• **WHAT TO WORK ON**:
Nothing should appear in the answer except the lines below from the line containing "Thank you for" through the line containing "I like the voodoo", copied exactly, with pictures left out.

• **INPUT**:
________________________________________

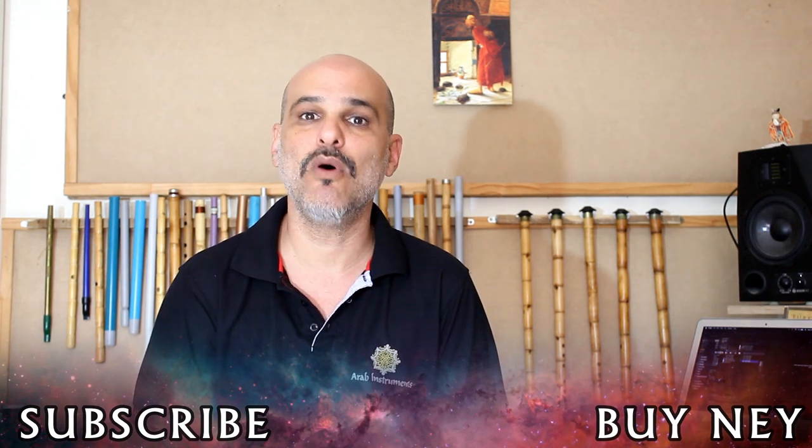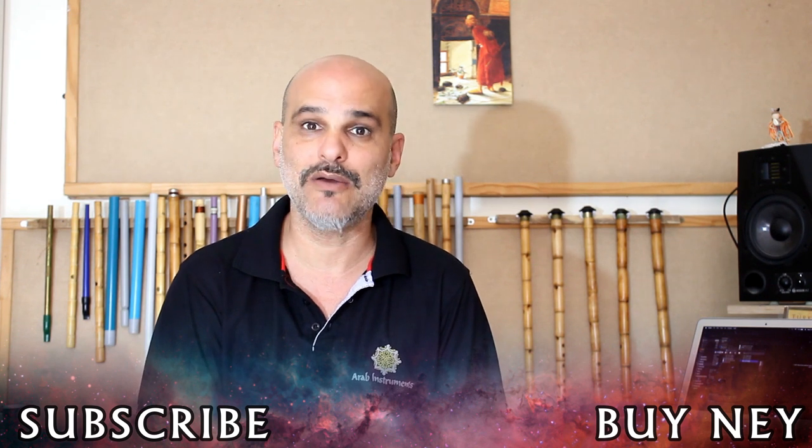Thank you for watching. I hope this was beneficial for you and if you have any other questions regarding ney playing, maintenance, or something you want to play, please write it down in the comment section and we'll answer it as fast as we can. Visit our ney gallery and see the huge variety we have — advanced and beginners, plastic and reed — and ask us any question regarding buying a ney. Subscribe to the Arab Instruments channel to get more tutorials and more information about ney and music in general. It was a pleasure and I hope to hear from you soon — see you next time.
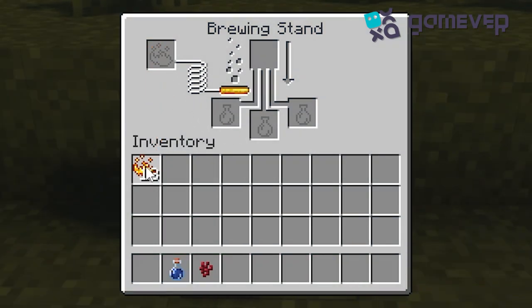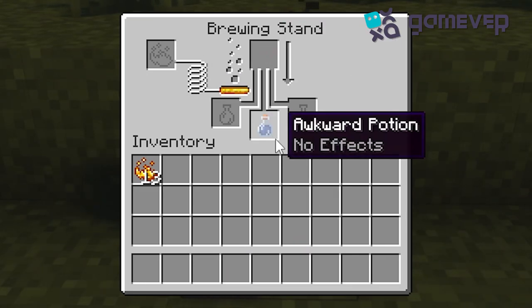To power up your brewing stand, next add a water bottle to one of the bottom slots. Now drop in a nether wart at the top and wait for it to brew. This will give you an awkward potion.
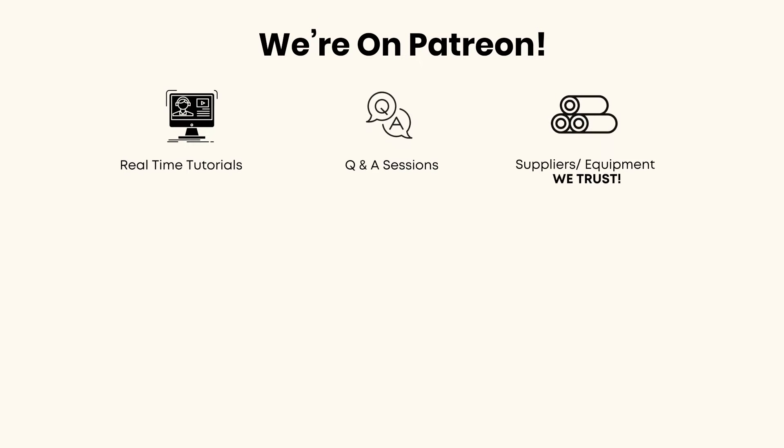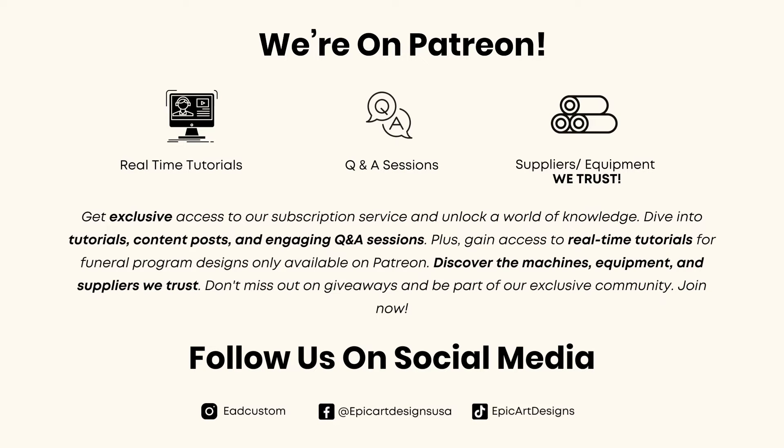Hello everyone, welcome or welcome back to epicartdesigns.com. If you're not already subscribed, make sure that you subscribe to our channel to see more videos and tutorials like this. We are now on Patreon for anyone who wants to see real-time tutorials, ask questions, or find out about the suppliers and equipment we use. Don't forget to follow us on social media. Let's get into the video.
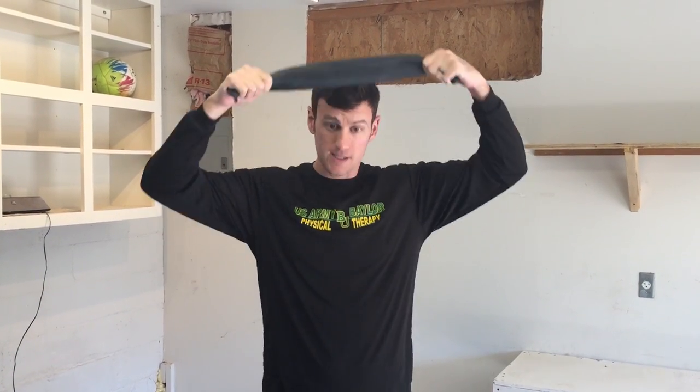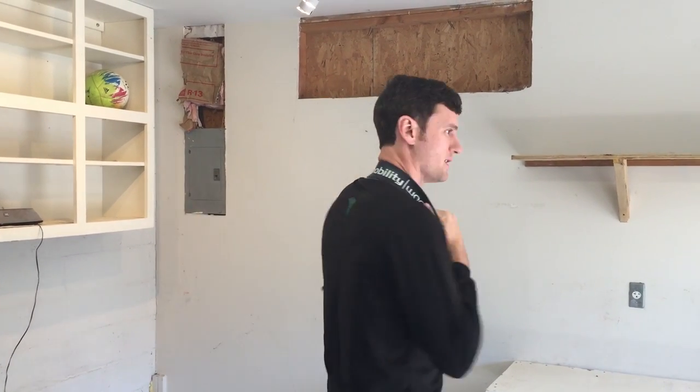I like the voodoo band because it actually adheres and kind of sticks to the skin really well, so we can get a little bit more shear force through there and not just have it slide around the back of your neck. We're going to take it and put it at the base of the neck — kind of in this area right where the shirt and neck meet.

________________________________________

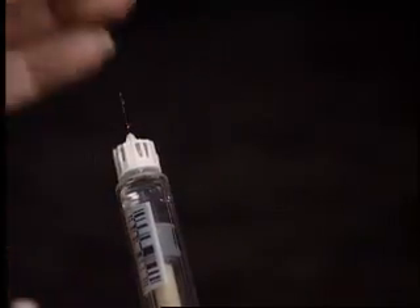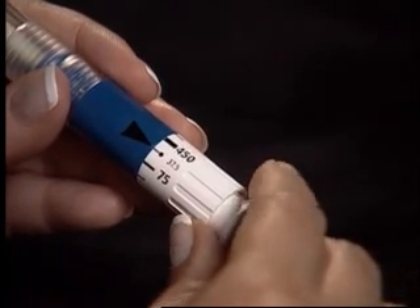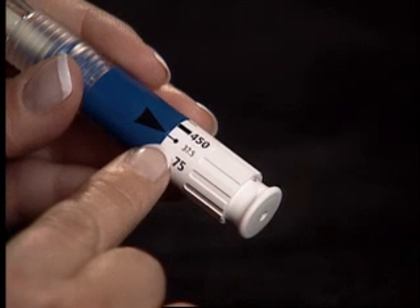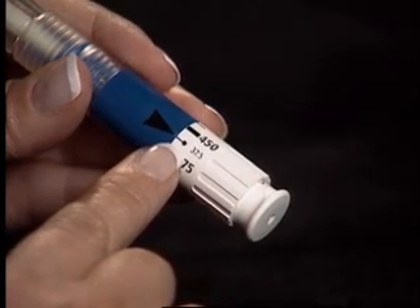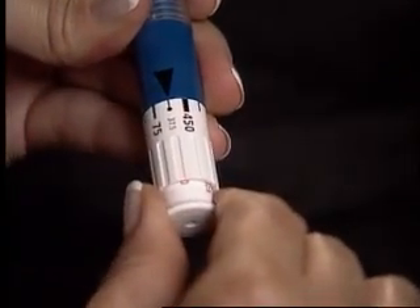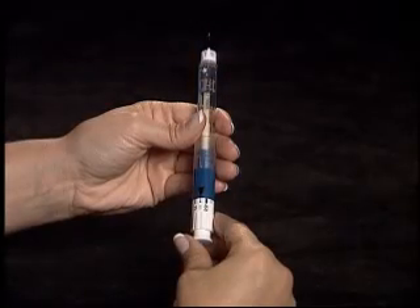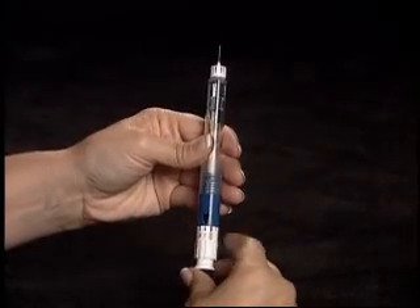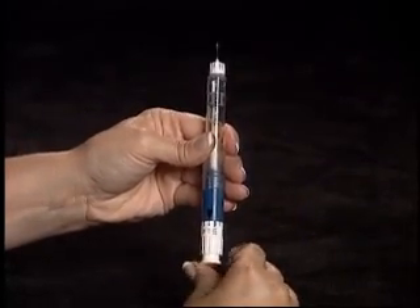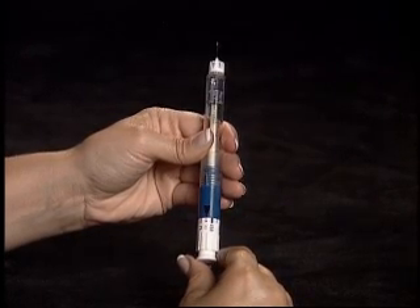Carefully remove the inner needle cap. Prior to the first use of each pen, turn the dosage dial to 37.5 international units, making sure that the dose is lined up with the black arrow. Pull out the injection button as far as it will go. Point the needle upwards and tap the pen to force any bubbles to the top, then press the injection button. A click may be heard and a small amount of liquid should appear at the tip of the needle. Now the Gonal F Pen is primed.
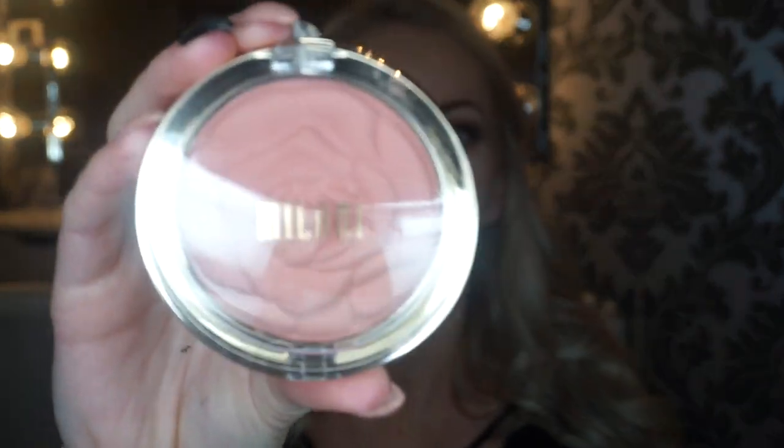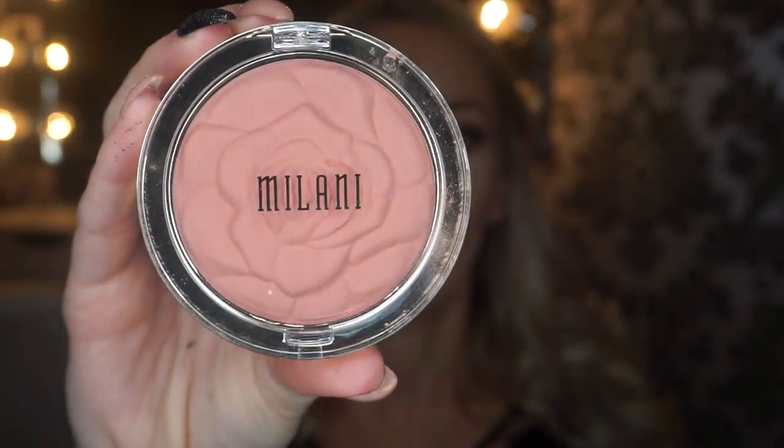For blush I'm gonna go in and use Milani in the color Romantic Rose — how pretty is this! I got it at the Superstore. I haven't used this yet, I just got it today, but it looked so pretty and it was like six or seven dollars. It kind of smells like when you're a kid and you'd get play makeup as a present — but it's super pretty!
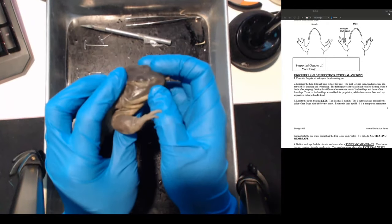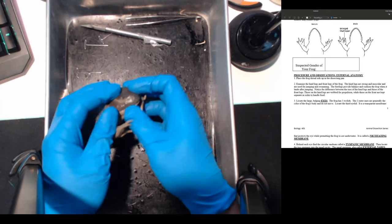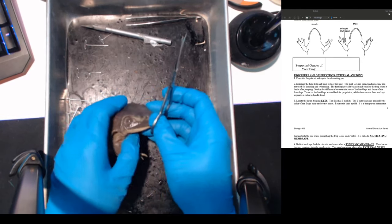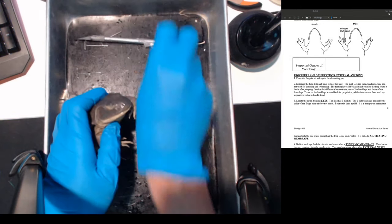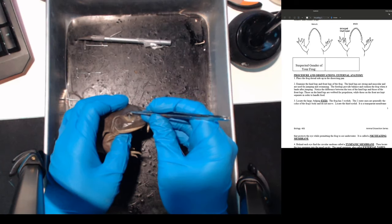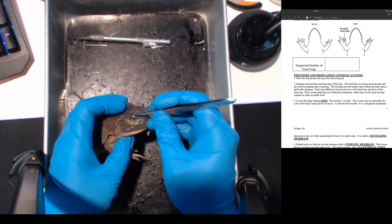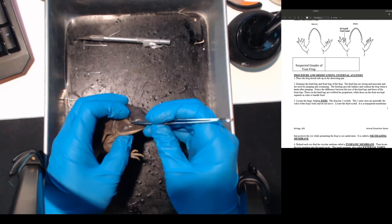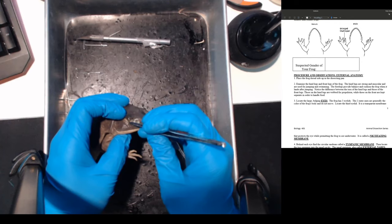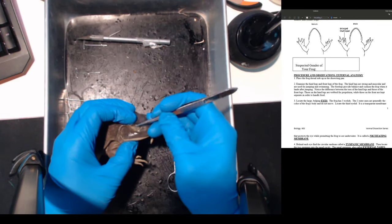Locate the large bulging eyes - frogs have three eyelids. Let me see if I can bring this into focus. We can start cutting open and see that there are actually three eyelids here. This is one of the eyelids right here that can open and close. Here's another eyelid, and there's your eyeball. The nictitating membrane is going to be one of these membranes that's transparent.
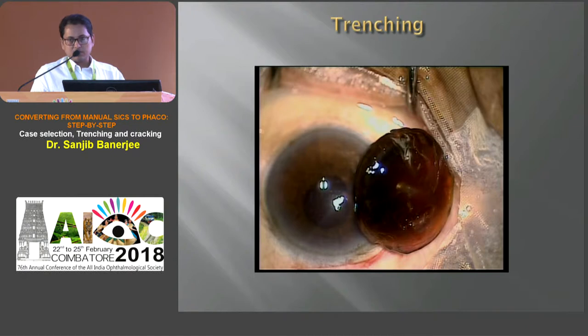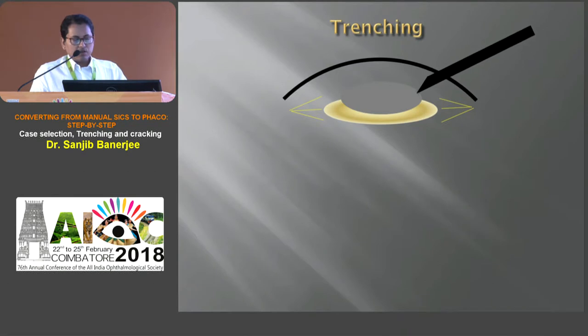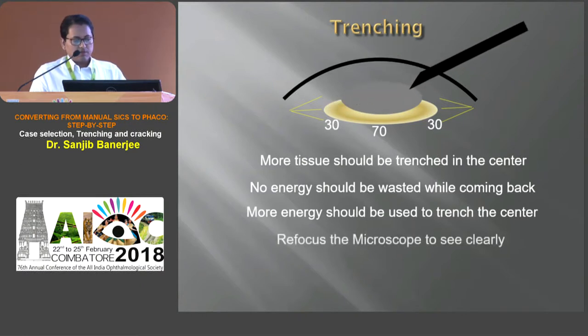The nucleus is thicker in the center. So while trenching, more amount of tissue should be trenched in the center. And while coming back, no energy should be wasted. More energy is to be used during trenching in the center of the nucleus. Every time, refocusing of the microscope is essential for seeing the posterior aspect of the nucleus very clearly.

________________________________________

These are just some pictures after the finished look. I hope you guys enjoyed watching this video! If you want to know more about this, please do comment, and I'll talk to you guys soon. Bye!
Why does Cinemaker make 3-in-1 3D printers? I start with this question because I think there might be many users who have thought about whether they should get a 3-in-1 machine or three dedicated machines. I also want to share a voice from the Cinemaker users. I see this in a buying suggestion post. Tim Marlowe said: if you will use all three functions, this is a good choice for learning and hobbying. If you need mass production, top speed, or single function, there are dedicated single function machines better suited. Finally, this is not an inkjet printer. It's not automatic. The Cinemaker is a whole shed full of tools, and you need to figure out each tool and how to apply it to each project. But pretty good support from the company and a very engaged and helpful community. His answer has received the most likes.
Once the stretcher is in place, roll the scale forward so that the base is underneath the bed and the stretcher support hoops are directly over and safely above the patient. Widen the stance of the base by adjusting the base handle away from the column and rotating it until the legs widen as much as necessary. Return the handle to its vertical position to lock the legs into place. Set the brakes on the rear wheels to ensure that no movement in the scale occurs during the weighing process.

________________________________________

• **EXERCISE SOLUTION**:
Thank you for watching. I hope this was beneficial for you and if you have any other questions regarding ney playing, maintenance, or something you want to play, please write it down in the comment section and we'll answer it as fast as we can. Visit our ney gallery and see the huge variety we have — advanced and beginners, plastic and reed — and ask us any question regarding buying a ney. Subscribe to the Arab Instruments channel to get more tutorials and more information about ney and music in general. It was a pleasure and I hope to hear from you soon — see you next time.
To power up your brewing stand, next add a water bottle to one of the bottom slots. Now drop in a nether wart at the top and wait for it to brew. This will give you an awkward potion.
Hello everyone, welcome or welcome back to epicartdesigns.com. If you're not already subscribed, make sure that you subscribe to our channel to see more videos and tutorials like this. We are now on Patreon for anyone who wants to see real-time tutorials, ask questions, or find out about the suppliers and equipment we use. Don't forget to follow us on social media. Let's get into the video.
I like the voodoo band because it actually adheres and kind of sticks to the skin really well, so we can get a little bit more shear force through there and not just have it slide around the back of your neck. We're going to take it and put it at the base of the neck — kind of in this area right where the shirt and neck meet.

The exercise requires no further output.